A nuclear bomb would have far less impact on an interstellar capable vessel, if it was properly prepared, but the means of propulsion (or effective translation) greatly affects how much stellar or interstellar matter it would be exposed to.
The method of travel they use in Children of the Mind, or perhaps more popularly, the Heart of Gold in HHGTTG, move nearly instantly without having to touch the intervening space, yet they move interstellar distances. The Heart of Gold might shrug off a nuclear explosion, but in Children of the Mind, it’s little more than a box with a door. A particularly strong wind, carrying something like a tree, might demolish it.
If there is actually a way to bend space around an object (like is thought to be done with warp bubbles) then a ship travelling would only have to fight decompression and stellar wind – granted not papier mâché, but would still be nothing to a nuclear explosion.
Even quite a few battle hardened ships would be quite damaged if someone teleported a nuke to within a few inches of the hull – that’s the method used in many an “under dog” type story, where an advanced and aggressive society is threatening a far less advanced one and gets overconfident, with shields and big guns, but then the less advanced society has a single fighter get through the lines and set off a bomb in just the wrong place.

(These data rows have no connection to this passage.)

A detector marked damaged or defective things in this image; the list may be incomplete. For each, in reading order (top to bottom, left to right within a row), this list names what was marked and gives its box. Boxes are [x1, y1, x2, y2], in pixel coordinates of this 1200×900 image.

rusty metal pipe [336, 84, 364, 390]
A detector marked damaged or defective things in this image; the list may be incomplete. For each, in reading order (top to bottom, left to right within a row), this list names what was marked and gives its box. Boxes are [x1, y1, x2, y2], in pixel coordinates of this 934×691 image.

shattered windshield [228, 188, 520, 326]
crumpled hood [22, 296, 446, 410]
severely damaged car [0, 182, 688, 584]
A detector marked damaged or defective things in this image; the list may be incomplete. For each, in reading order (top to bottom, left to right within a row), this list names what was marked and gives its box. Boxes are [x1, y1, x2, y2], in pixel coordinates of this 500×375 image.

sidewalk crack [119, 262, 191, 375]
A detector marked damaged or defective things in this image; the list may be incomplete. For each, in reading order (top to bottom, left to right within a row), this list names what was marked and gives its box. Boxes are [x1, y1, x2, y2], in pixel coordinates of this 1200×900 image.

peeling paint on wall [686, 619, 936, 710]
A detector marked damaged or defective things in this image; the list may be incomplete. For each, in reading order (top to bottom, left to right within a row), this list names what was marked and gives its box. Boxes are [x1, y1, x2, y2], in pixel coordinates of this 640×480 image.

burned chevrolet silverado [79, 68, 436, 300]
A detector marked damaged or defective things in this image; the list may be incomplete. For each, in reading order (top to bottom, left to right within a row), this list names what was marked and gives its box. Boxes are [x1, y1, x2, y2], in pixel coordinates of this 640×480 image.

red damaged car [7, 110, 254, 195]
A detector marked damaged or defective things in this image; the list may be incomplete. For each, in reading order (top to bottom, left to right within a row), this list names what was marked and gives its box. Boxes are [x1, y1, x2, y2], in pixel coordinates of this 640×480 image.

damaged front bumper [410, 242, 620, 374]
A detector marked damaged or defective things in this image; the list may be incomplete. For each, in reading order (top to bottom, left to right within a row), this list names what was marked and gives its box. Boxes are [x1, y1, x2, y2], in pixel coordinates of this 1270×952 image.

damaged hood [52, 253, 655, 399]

A shield used to fend of interstellar mass for high speed travel through normal, unbent, space might not be on at the right time, and might leave the ship largely susceptible
As far as pissing off ethereals, if they’re unfazed by an attack, why would they be pissed off?
Ethereals , because you thought you could and tried.
But yeah ship types and how space is bent may also be a factor.
I always thought it would be a good plot device for a book or series to have a Faster-Than-Light drive that had to be psychically powered by the presence on board of one or more talented artists creating a Great piece of art. So, the fiction author writing a book might get you a couple of light years – if it’s a really good book, maybe a few dozen light years. That’s something that takes some writers a couple of months and others ten years. But then if they get writers’ block halfway through the voyage, you’re stuck.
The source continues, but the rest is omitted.